[EXERCISE OBJECTIVE]: Restate the listing that follows word for word, without its pictures.

[INPUT DATA]:
- - - -

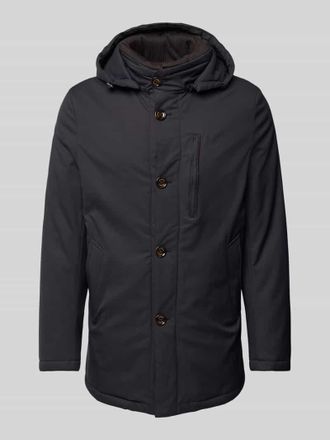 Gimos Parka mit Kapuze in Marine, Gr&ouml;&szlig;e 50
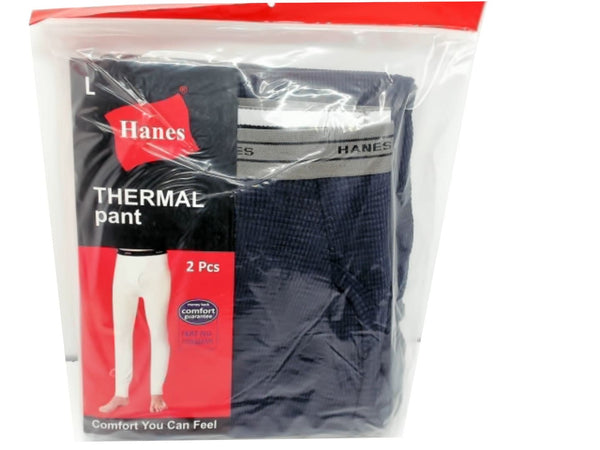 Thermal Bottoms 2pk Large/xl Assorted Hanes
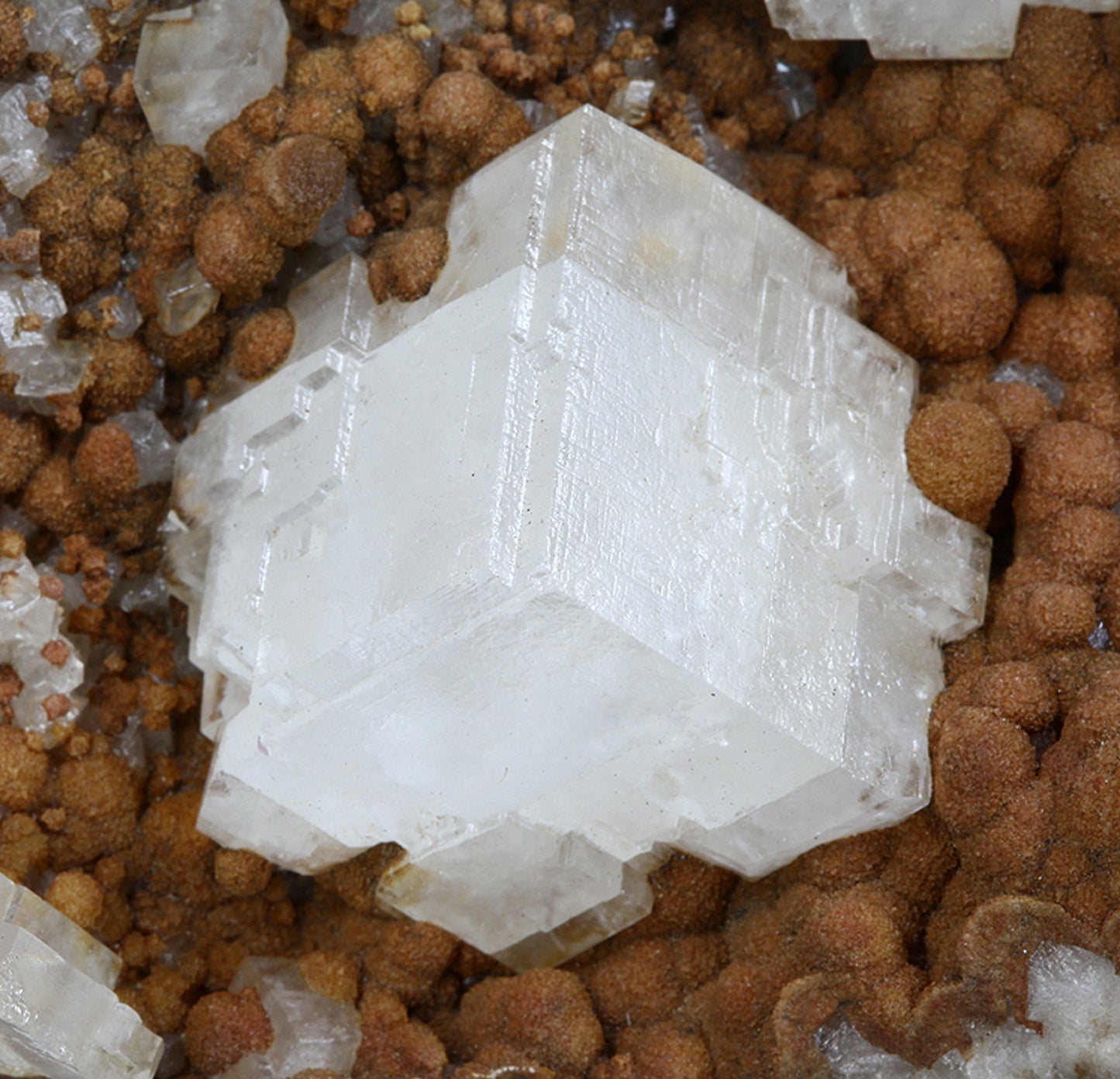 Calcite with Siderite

- - - -

[THE COMPLETED TASK]:
 Gimos Parka mit Kapuze in Marine, Gr&ouml;&szlig;e 50
 Thermal Bottoms 2pk Large/xl Assorted Hanes
 Calcite with Siderite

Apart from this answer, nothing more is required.